=== What is required ===
Among the lines below, keep only those from the one containing "ea dragons dragon" through the one containing "404. Paul Stanton", and reproduce them exactly.

[Extracted data entries]
==*==

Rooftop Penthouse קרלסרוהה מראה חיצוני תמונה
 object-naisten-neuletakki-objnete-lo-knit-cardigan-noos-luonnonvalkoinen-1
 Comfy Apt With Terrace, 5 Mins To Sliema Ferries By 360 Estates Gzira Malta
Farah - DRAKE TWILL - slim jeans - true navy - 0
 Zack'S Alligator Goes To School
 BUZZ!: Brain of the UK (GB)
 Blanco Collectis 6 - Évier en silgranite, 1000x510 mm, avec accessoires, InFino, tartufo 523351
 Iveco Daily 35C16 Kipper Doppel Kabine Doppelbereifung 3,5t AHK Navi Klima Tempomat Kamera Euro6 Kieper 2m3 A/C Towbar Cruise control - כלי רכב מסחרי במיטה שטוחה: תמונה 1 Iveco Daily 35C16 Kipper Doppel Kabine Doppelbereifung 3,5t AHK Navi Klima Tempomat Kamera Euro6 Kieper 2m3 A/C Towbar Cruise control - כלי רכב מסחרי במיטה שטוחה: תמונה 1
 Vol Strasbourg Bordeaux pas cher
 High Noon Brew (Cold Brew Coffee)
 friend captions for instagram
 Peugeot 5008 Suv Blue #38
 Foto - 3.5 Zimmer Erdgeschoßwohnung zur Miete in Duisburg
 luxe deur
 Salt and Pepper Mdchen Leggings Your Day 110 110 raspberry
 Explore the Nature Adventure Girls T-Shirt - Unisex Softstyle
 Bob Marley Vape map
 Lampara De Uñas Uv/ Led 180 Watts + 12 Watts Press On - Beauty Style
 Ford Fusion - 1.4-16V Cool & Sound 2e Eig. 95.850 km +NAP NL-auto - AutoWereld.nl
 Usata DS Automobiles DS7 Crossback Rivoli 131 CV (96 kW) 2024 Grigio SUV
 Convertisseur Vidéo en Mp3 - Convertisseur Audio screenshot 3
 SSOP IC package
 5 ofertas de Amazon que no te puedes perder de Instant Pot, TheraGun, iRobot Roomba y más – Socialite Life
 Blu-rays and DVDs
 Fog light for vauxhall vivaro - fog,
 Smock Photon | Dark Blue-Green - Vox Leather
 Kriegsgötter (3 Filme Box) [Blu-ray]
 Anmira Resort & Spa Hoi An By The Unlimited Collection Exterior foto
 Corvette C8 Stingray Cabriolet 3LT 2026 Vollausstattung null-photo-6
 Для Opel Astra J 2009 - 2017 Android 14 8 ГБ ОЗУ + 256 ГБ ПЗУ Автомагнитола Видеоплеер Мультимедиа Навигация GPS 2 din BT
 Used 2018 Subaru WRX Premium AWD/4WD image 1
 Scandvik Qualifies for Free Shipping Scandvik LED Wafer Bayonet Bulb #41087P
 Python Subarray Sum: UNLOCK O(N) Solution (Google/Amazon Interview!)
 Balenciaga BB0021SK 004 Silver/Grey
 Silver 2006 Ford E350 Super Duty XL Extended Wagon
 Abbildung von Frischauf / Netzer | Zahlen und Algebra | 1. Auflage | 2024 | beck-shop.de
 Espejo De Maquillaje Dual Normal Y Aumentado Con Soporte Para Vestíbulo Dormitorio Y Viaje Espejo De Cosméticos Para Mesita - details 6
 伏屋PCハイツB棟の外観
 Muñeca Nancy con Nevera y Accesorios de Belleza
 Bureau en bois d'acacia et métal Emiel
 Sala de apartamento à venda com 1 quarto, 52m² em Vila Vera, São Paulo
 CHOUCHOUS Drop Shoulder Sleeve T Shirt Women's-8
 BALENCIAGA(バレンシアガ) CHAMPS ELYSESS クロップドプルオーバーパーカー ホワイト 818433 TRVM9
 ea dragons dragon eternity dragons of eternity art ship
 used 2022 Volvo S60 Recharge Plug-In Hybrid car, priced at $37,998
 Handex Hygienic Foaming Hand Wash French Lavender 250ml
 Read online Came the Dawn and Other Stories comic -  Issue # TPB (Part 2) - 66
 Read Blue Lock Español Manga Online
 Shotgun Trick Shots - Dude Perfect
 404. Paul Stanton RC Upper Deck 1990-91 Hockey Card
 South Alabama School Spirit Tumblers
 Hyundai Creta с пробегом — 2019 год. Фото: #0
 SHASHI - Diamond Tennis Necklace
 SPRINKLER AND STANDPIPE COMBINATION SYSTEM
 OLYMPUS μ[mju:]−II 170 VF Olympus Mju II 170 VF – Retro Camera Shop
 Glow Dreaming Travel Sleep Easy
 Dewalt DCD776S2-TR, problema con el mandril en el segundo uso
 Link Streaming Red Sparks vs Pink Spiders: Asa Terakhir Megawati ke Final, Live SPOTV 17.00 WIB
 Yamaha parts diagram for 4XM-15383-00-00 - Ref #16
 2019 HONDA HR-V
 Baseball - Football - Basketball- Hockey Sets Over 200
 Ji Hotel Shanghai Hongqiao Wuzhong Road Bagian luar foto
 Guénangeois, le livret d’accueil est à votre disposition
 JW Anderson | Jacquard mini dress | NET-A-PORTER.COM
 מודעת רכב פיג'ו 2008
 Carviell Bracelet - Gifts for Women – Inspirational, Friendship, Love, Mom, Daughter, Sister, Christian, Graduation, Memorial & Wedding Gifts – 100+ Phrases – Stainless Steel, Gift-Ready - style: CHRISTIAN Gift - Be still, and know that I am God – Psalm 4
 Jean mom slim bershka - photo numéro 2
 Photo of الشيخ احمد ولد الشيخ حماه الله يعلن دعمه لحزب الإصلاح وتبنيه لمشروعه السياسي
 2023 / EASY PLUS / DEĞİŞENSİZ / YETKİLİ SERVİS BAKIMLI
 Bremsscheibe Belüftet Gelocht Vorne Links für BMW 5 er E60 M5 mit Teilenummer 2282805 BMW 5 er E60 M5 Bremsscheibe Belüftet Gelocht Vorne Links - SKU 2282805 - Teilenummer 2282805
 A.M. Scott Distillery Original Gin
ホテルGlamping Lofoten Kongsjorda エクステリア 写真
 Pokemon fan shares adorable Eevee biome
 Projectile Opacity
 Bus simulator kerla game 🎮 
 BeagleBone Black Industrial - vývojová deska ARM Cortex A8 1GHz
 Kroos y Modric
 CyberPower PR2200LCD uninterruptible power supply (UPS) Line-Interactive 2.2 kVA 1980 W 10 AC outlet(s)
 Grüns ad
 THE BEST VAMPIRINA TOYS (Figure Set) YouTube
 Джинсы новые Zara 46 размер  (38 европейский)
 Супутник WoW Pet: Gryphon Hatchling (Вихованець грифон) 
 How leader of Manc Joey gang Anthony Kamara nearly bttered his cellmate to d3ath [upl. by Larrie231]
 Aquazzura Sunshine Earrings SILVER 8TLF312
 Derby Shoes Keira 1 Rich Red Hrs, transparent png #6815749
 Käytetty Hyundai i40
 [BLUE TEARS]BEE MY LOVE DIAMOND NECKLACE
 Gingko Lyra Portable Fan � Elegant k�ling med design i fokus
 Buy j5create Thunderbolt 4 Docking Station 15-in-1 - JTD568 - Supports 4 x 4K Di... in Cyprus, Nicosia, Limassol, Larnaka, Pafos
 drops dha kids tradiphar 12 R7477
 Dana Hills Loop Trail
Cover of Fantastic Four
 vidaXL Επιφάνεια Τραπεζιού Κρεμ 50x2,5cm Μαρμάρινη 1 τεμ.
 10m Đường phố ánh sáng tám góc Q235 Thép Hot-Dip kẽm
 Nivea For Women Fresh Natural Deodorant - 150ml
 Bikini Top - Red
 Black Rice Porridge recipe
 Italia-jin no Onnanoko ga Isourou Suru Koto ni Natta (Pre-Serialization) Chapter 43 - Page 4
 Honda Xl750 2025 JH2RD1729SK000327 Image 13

==*==

=== Your response ===
 ea dragons dragon eternity dragons of eternity art ship
 used 2022 Volvo S60 Recharge Plug-In Hybrid car, priced at $37,998
 Handex Hygienic Foaming Hand Wash French Lavender 250ml
 Read online Came the Dawn and Other Stories comic -  Issue # TPB (Part 2) - 66
 Read Blue Lock Español Manga Online
 Shotgun Trick Shots - Dude Perfect
 404. Paul Stanton RC Upper Deck 1990-91 Hockey Card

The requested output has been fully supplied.